November 3rd, 2011, 6:13 pm

It is really not so complicated. We live in a sort of binary world. Either things go as expected, or all coordinated plans fall apart. It is possible for people to make adjustments, so that things can fall apart in smaller increments.So what can we say about the probability that things will fall apart tomorrow, and the size of the increment before a new arrangement is settled? We can say a lot more than nothing. We can say that what will happen tomorrow is associated with what happened today and yesterday.The only problem has been the manner in which the association between tomorrow and today has been modeled. People say a stock which has moved 1 today and 1 yesterday, is likely to move the square root of 2 over the next two days. It is a nice model, but simply not calibrated with as many influences as are available.It is extremely basic, and a nice first step, to predict the next two moves in a single time series off previous moves in the same time series. But to get useful result, you have calibrate the model onto the larger class of stocks and other asset prices at different times.

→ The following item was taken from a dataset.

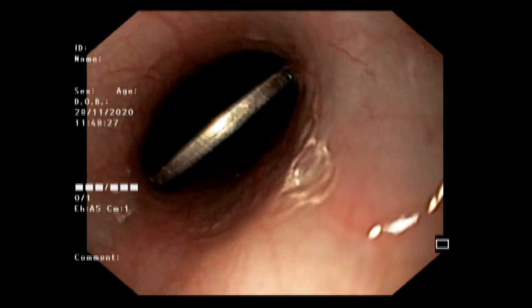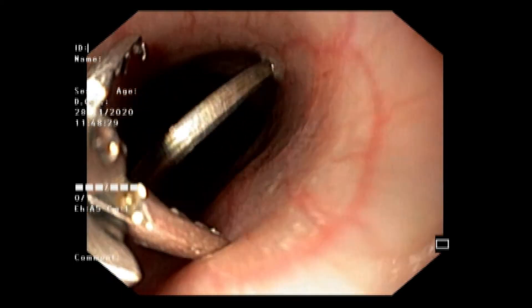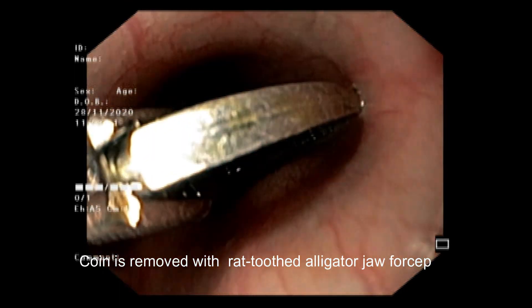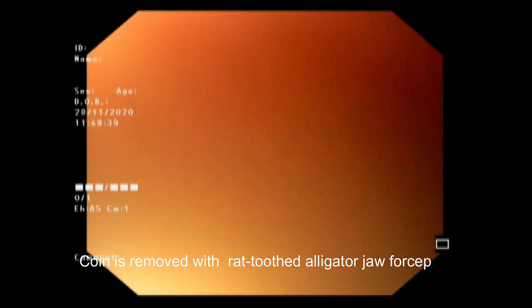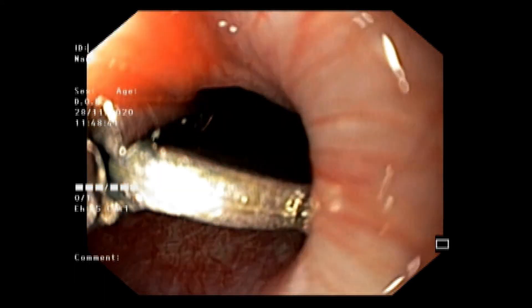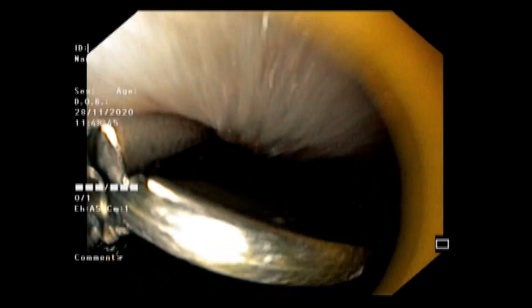We then passed the foreign body forceps to hold the coin. Holding the coin with the foreign body forceps, we removed it slowly and passed through the cricopharyngeal constriction. Despite feeling mild resistance at the cricopharyngeal constriction, we passed safely and the coin is now outside.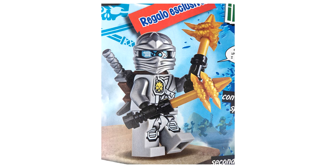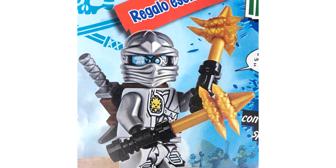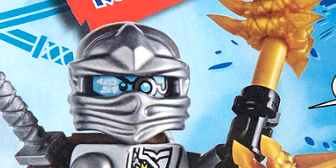Now unlike the other recent exclusives, this Zane has got a brand new element — an unprinted pearl silver version of the ZX ninja garb, which is the ninja garb with the star molded on the top. It's unprinted, so we have had this before in a printed version which came with the Zoukin costumes and had Zane's logo on it, but this unprinted version is actually really exciting.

A stock is not just like itself recently, but also similar to many additional things, such as other stocks and assets at other times.Put differently, you can predict the volatility of something not by using random guess for tail thickness, but by assuming it is like the price of other things at other times. So tomorrow it could be like itself yesterday. Or it could be like wheat in 1979. I don't think anyone is pursuing certainty, rather they feel they are pulling stuff out of a hat when they plug the price of wheat in 1979 into their models.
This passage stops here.